Roger Poynter said his mother, Mary Louise, was in a nursing home until August 2020.

“She started falling, losing her balance and getting injured at home, so she couldn’t be at home by herself,” he explained. “She was in there for about three and a half years.”

Poynter said while there were concerns prior to the pandemic, he was able to speak with his mother, in person, every day until the facility halted visitation. That had allowed him to monitor her condition and make sure she was happy. After March, though, Poynter was forced to see her through a window several times a week.

“She hated it even worse,” he said, crying. “She told me several times that she literally felt like she was in a prison not being able to see anyone, not being able to get out having to be confined to your room and not having anyone to help you do things.”

Poynter said his mother took a turn for the worse in August. She slipped into a coma and died a few days later.

“I just prayed to God that He would take her,” Poynter said, explaining how unhappy his mother was. “And He did.”

CBS4 obtained data from the Indiana Attorney General’s Office that showed there was an increase in abuse and neglect complaints in July 2019 and a surge in filings in 2020. Matthew Whitmire, who works in the AGO’s consumer complaint division, said most of the complaints had to do with COVID-19 and a lack of personal protective equipment.

Whitmire confirmed that at the end of 2020, his office had received 17% more complaints than years prior. Most were filed in March and April.

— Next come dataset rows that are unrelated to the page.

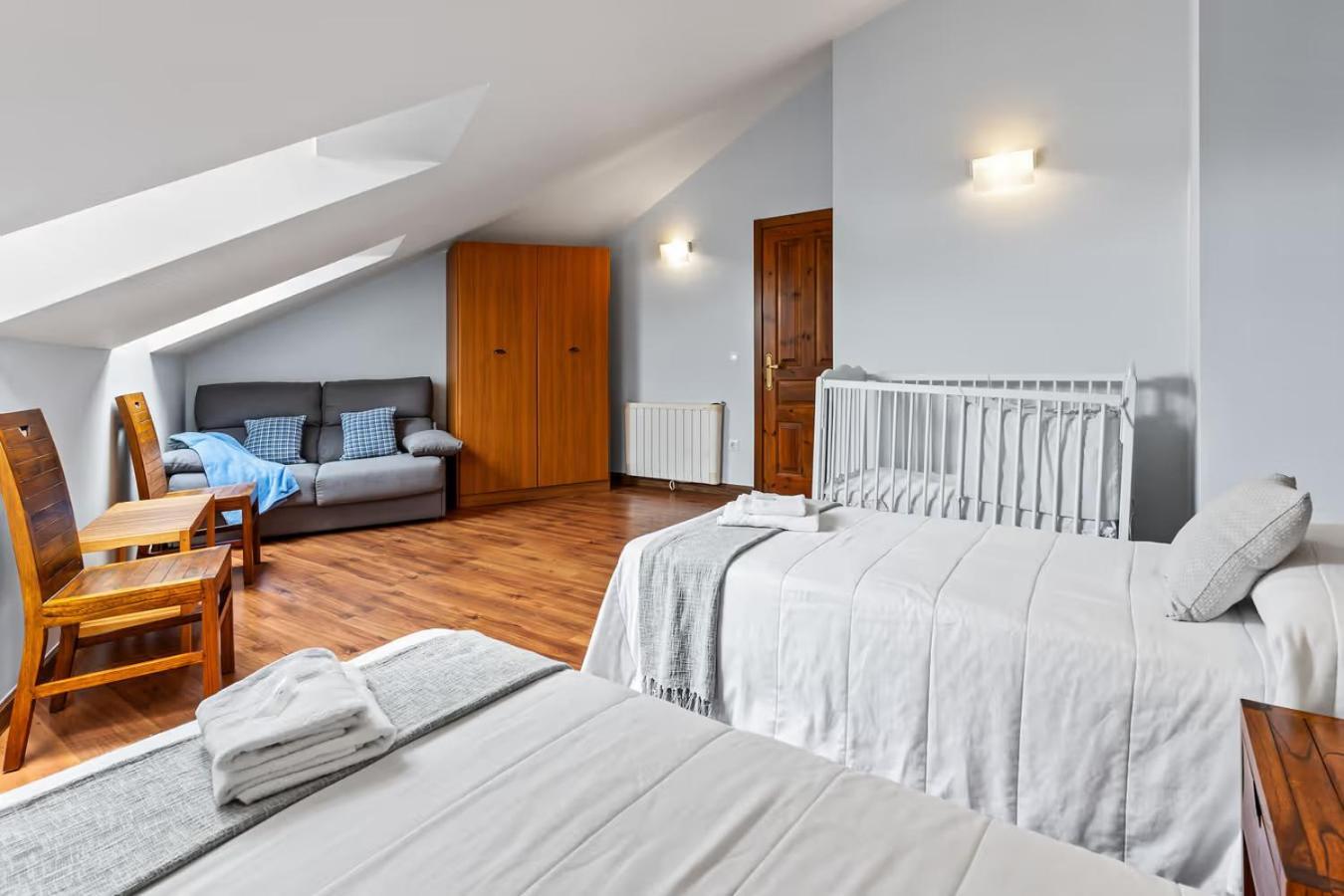 Apartamentos Turisticos As Cetareas Rinlo Værelse billede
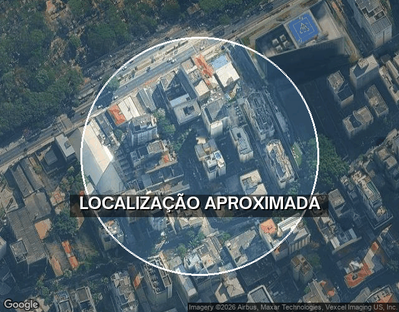Sala Comercial 75,10m² com 2 Banheiros -
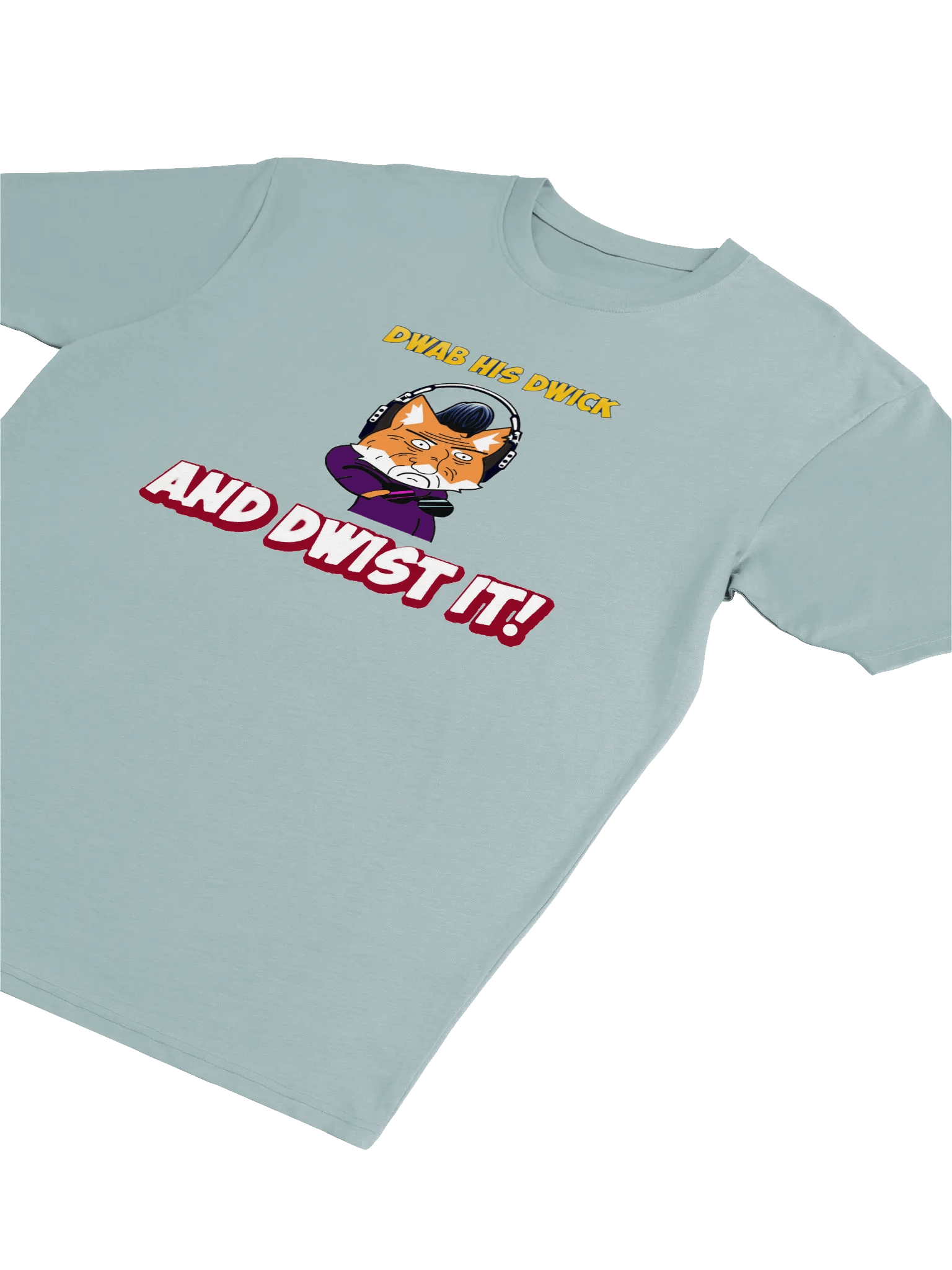 Dwab his dwick and dwist it! product image (6)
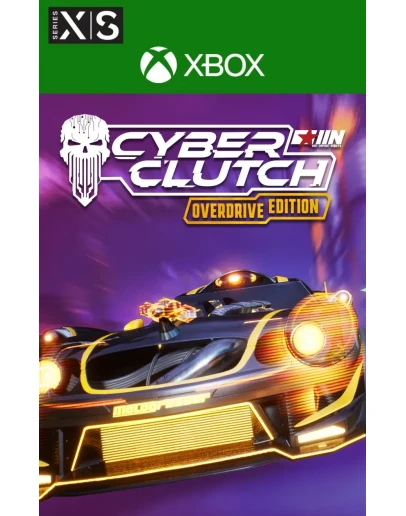 Cyber Clutch Hot Import Nights Overdrive Edition XBOX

“We’re also seeing complaints about the regular types of injuries that we see in nursing homes, unfortunately, regarding falls or lack of eating,” he explained. “It doesn’t really surprise me. A lot of people are very concerned about loved ones, that they’re not seeing their loved ones. When they do see them, they see things that concern them, so they want to reach out to someone to seek help, to seek input on what they can do at that point.”

The Indiana Attorney General’s Office has about 20 investigators that review the complaints. First, they determine whether the complaint is criminal in nature. If it is, an investigator will go into the facility immediately. If the complaint is not criminal in nature, the AGO will contact the Indiana State Department of Health for assistance.

Poynter questions whether that is enough.

“I know this pandemic is serious, but they have to come up with something better,” he pleaded. “It not only takes a toll on the people that are in there, but the people and everyone else that are outside as well.”

CBS4 reached out to the Indiana Health Care Association as well. Zach Cattell, president of the IHCA, said his agency has also received quite a few phone calls over the past year.

“Our message to loved ones is to continue to communicate with the leadership of the facilities,” he advised. “Make sure they are aware of your desires to continue communication with your family member in a nursing facility.”

Cattell said the amount of inspections statewide has increased but for now, the Indiana State Department of Health and Federal Centers of Medicare and Medicaid Services are focusing on infection control.

He pointed to a different set of data from CMS, which indicate Indiana has had a similar amount of abuse and neglect complaints as other states in the Midwest. Still, according to that agency, Indiana has had the third-highest amount of complaints filed regionally for the past several years.

In February, officials announced they would allow compassion visits for some facilities. Then they said visitors could go inside nursing homes again.

“Really, it’s terrible. It’s horrible,” Poynter said. “It’s an empty feeling.”